----- Study material -----

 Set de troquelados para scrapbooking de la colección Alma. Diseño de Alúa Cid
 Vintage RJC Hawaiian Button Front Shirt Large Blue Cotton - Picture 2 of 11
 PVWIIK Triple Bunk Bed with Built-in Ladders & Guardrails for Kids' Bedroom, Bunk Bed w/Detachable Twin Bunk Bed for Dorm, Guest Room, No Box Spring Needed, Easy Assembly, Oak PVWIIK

-----
----- Study material -----

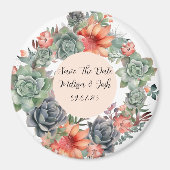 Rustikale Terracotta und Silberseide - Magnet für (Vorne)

-----

__To do__: Since only part of the listing is wanted, copy exactly the lines from the one holding "Vintage RJC Hawaiian" to the one holding "PVWIIK Triple Bunk", both included.

__Result of this task__:
 Vintage RJC Hawaiian Button Front Shirt Large Blue Cotton - Picture 2 of 11
 PVWIIK Triple Bunk Bed with Built-in Ladders & Guardrails for Kids' Bedroom, Bunk Bed w/Detachable Twin Bunk Bed for Dorm, Guest Room, No Box Spring Needed, Easy Assembly, Oak PVWIIK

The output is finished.